I kept time by that awful, sadistic routine. Every hour at least one flatline happens. Then the thing appeared, I had to close my eyes and act asleep. Usually that's been my go to avoid it's "Therapy". After the body is gone it usually comes to my bed after the sixth flatline, I can usually tell by movements near me and cold, metal fingers checking my pulse and fixing anything on me that was off.

Least I know it cared, I hope. Looking back honestly I think it was just it checking out to see if I am ready to leave. Hope it burns if that's the case, Coward.

I always knew at the twelfth flat it would stop for two hours, I usually took this time to try and get the tube out but it hurts like hell so I usually keep it in, gently trying bit by bit to get the stupid tube out. Usually it never works because the jerk would push it back in at rounds.

Keep this in mind cause it'll be needed later.

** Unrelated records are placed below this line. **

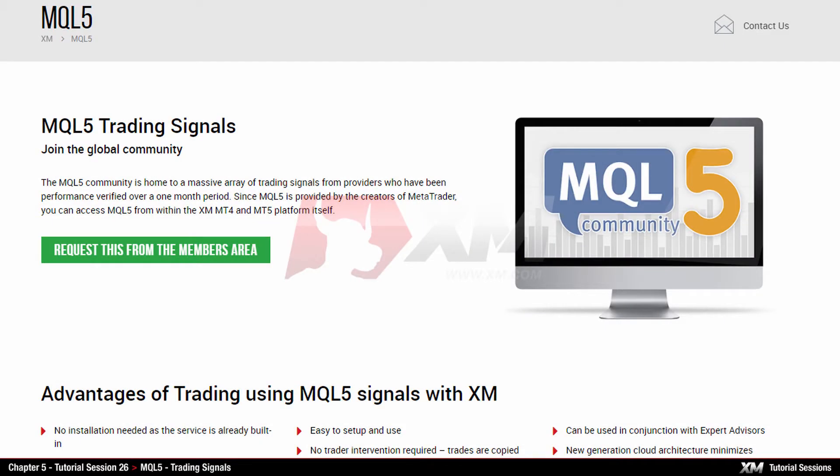Welcome to this XM video tutorial session in which we will guide you through the process of joining the MQL5 community and subscribing for trading signals in your XM MT4 platform.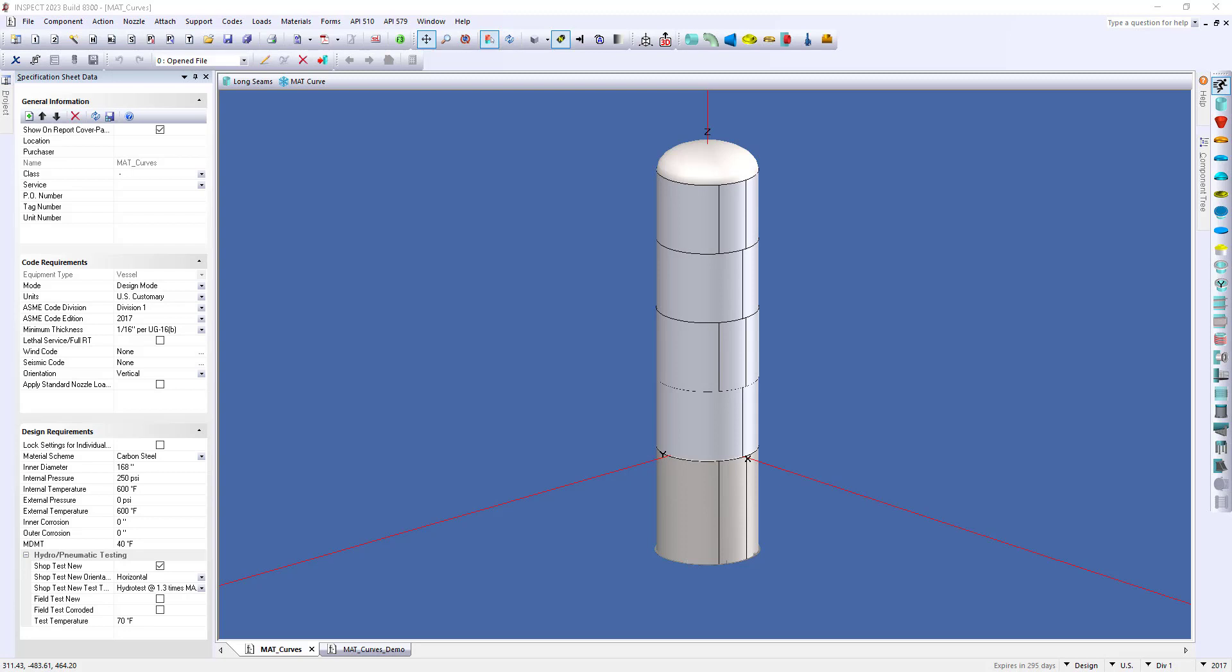Hello and welcome to this video. My name is Christian and I'm a sales engineer here at Codeware. Today I want to show you how we can create an MAT curve in Inspect. Before we get into the specifics though, let's discuss why an MAT curve is important and how it can benefit you.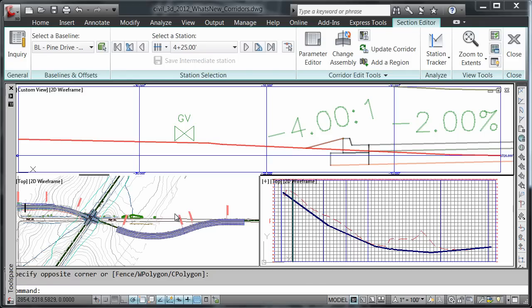The payoff is that corridor editing enhancements now allow designers to build construction-ready models more efficiently and will better equip transportation teams to develop 3D models of large complex road and highway projects.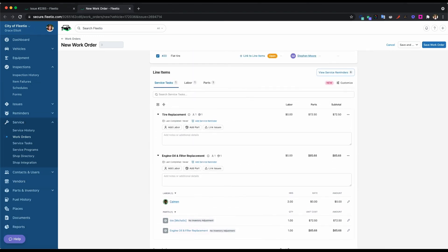Once I save this work order, it will automatically resolve that issue. So if you'll remember, we have the outstanding issue on the vehicle due to the flat tire. Well, this is going to close the loop here because since we fixed that issue, it is going to be resolved.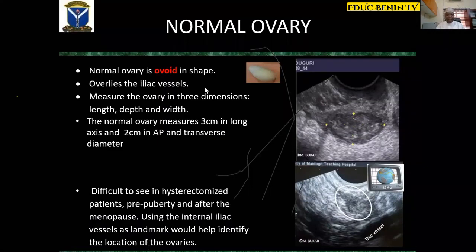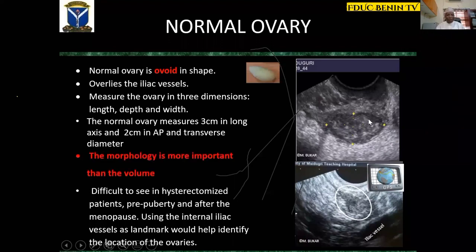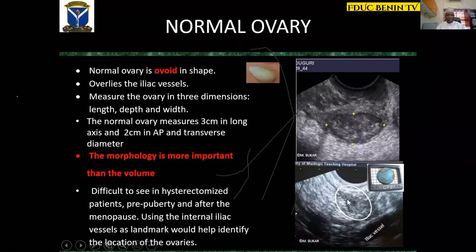The normal ovary is ovoid in shape. What is important to emphasize is that the morphology of the ovary is more important than its volume. The volume on day 3 of the cycle will not be the same as on day 14. During prepubertal years and the postmenopausal period, it may be difficult to identify the ovaries — what makes them easily identifiable are the follicles. In women who have had hysterectomy, it may be difficult to identify ovaries, so I locate the iliac vessels — once you locate them, the ovary overlies them. The iliac vessel serves as a GPS to locate the ovary in difficult cases.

Anyways, usually next to me is an empty bed. I don't know why, the bed was always just...There. Nice and ready as if always expected to have a new "patient" in. While I was kinda weirded out by it, I grew curious. Which usually leads me to being caught awake.

Now let me tell you about "Therapy " as that monster called it. Words cannot describe how much that.. Method... hurts.

Being in "Therapy " is like being thrown into a flying bus and into a thunderstorm. I could feel as electricity would fry every inch of my body, minutes felt like hours as I only watched it's sickening grin grow wider with pleasure, it would do "Therapy" until you go unconscious and put on life support again. Doomed to be bedridden again, I could feel my breath shaking in fear, pain, and weakness. I would cry softly in pain feeling my body give out in pain going black again.